Auf jeden Fall ist die Gleichung deterministisch, d.h. die bestimmt die Zukunft eindeutig. Wieso aber meint die ganze Welt, im Bereich der Quanten wäre alles vom Zufall bestimmt? Weil ein gewissen Max Born das "psi" so deutete: Es ist eine Wahrscheinlichkeitswelle, und ihr Quadrat ergibt die Wahrscheinlichkeit eines Vorgangs. Born und Co. (Bohr, Heisenberg, etc.) brachten noch weitere Seltsamkeiten in die neue Theorie der wirklich kleinen Dinge. Heisenberg erfand seine Unsicherheit (siehe den ersten Teil dieser Trilogie), und Bohr meinte, dass ein Zustand so lange unbestimmt bleibt, bis das System beobachtet oder gemessen wird. Womit wir allmählich zu Schrödingers unglücklicher Katze kommen.

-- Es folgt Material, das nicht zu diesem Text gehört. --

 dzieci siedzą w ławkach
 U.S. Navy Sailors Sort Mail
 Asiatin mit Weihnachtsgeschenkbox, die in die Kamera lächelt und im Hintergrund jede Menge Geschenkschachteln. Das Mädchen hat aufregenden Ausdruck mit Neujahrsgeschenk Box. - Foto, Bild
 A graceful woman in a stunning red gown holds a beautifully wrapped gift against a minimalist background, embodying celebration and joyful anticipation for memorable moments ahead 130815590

Nach dem Willen der Mathematiker wird die Welt des wirklich Kleinen beschrieben durch einen Vektor in einem abstrakten Raum ("Hilbertraum"), der alle möglichen Zustände des Systems enthält. Jeder dieser Zustände hat eine bestimmte Wahrscheinlichkeit. Durch eine Messung oder Beobachtung - so die Deutung der "orthodoxen" Quantenphysik (Born, Bohr, Heisenberg) - wird aus diesen möglichen Zuständen ein einziger herausgeschält, er erhält die Wahrscheinlichkeit "1", alle anderen werden zu null. Dieser Vorgang heißt auch "Kollaps" (Zusammenbruch) der Wellenfunktion. Die Wellenfunktion ("psi") der Schrödingergleichung, ursprünglich ein Wellenpaket (eine Überlagerung vieler Wellen), wird durch die Beobachtung ganz plötzlich "gestaucht", bis nur noch eine einzige Welle - eine einzige Möglichkeit, also der wirkliche Zustand - übrig bleibt.

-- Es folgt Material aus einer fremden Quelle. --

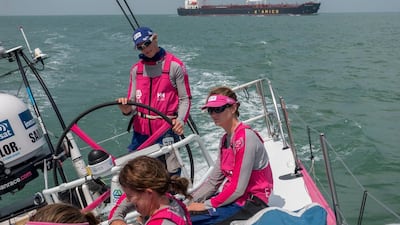 Team SCA navigate through the Singapore Straits on Thursday with a cargo boat behind them in view. Corinna Halloran / Team SCA / Volvo Ocean Race / January 22, 2015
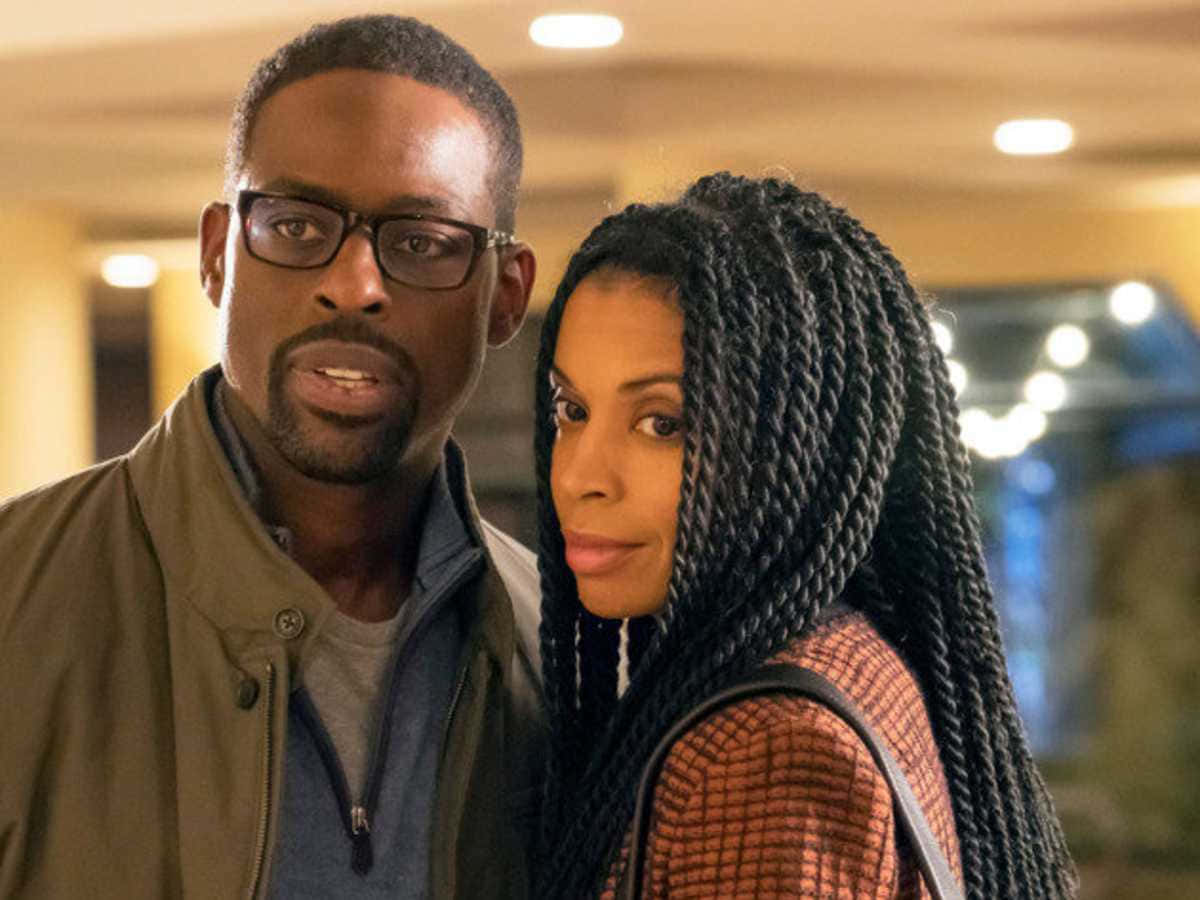 Black Couple 桌布 壁紙 — 一名男子和一名女子在溫暖照明的室內空間中緊密站在一起，兩人都直接看著相機，表情嚴肅。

Jetzt kommt Schrödinger und steckt - seine Grausamkeit ist wenig verständlich - eine Katze in eine Schachtel mit einer Zyankali-Ampulle, nach Schrödinger in eine Höllenmaschine. Ein Hammer zerschlägt das Glas irgendwann, denn er wird von einem Atom aus einer radioaktiven Quelle betätigt. Nach der Kopenhagener Deutung ("Orthodoxe Quantenphysik") besteht die Katze aus der Überlagerung zweier Zustände: tot und lebendig zugleich. Diese Überlagerung wird erst durch eine Beobachtung aufgehoben (was in unserem Witz durch den Polizisten geschah), dann ist die Katze endgültig tot oder auch nicht. Wobei sich bei aller Absurdität der Situation auch noch die Frage erhebt: Was ist in diesem Fall eine "Beobachtung"? Direkt hineinschauen, nur ein Foto knipsen, beobachtet sich die Katze selbst oder sieht Gott alles?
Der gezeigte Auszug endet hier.